Mahasiswa KKN Universitas Ahmad Dahlan (UAD) buat lilin aromaterapi dari limbah (Foto. KKN UAD)
Mahasiswa KKN Alternatif 104 Unit II.A.1 Universitas Ahmad Dahlan (UAD) menggelar pelatihan pembuatan lilin aromaterapi berbahan dasar minyak jelantah bagi warga RW 01 Sambirejo, Kelurahan Prenggan, Kemantren Kotagede, Kota Yogyakarta, Rabu 24 Juni 2026. Kegiatan yang berlangsung di Gedung Serbaguna Masjid Al-Kiraam tersebut bertujuan meningkatkan kesadaran masyarakat dalam mengelola limbah rumah tangga sekaligus membuka peluang usaha.
Program tersebut dilaksanakan sebagai bentuk dukungan terhadap gerakan MAS JOS (Masyarakat Jogja Olah Sampah) yang digagas Pemerintah Kota Yogyakarta. Di wilayah RW 01 Sambirejo, komitmen pengelolaan sampah diwujudkan melalui pembentukan Bank Sampah “Berseri” yang aktif melakukan pemilahan sampah anorganik dan pengelolaan sampah organik.

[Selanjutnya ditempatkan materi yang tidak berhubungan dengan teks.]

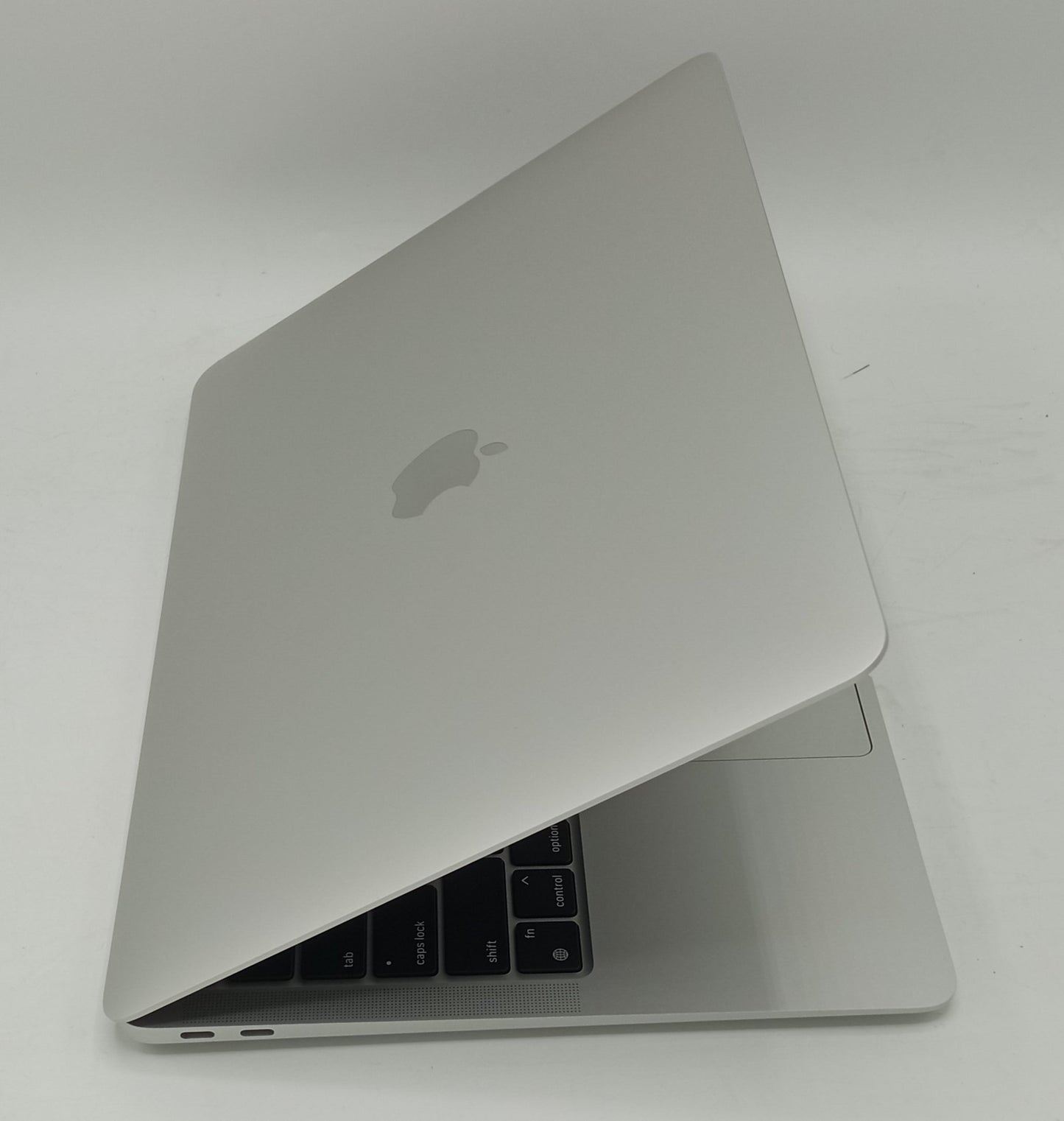 Macbook Air 2020 | 13 Inches | Apple M1 Chip | 8 GB Ram | 256 GB SSD | Silver | 5 Cycles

Namun, pengelolaan limbah cair rumah tangga berupa minyak jelantah masih menjadi persoalan yang belum tertangani secara optimal. Berdasarkan hasil observasi mahasiswa KKN, minyak jelantah masih sering dibuang langsung ke lingkungan sehingga berpotensi mencemari saluran air dan tanah.
Melihat kondisi tersebut, mahasiswa KKN bersama Dosen Pembimbing Lapangan, Jefree Fahana, merumuskan solusi melalui pelatihan pengolahan minyak jelantah menjadi lilin aromaterapi yang memiliki nilai guna sekaligus nilai ekonomi.
Pelatihan mendapat sambutan positif dari pengurus dan anggota Bank Sampah “Berseri”. Peserta mengikuti kegiatan dengan antusias mulai dari pemaparan materi hingga praktik langsung pembuatan lilin aromaterapi.
Dalam praktiknya, mahasiswa memperagakan proses pemurnian minyak jelantah menggunakan batang serai dan daun pandan untuk mengurangi aroma tengik. Minyak kemudian dicampurkan dengan stearin, pewarna, dan minyak esensial beraroma kopi serta lavender sebelum dicetak ke dalam wadah kaca kecil.
Ketua Bank Sampah “Berseri”, Ngajiyati, mengapresiasi kegiatan tersebut karena memberikan pengetahuan baru kepada warga mengenai pemanfaatan limbah rumah tangga. Menurutnya, lilin aromaterapi hasil pelatihan berpotensi dikembangkan menjadi produk unggulan bank sampah.
Sementara itu, Koordinator KKN Alternatif 104 Unit II.A.1, Muhammad Alif, berharap pelatihan ini dapat mendorong masyarakat lebih kreatif dalam memanfaatkan limbah rumah tangga. Ia menilai pengolahan minyak jelantah menjadi lilin aromaterapi dapat menjadi langkah sederhana yang mendukung pelestarian lingkungan sekaligus pengembangan ekonomi kreatif masyarakat.
Melalui kegiatan ini, mahasiswa KKN Alternatif 104 UAD berharap kesadaran masyarakat terhadap pengelolaan limbah secara mandiri terus meningkat. Selain itu, program tersebut diharapkan menjadi contoh bahwa pelestarian lingkungan dapat berjalan beriringan dengan pengembangan ekonomi kreatif masyarakat melalui inovasi sederhana yang dilakukan secara berkelanjutan.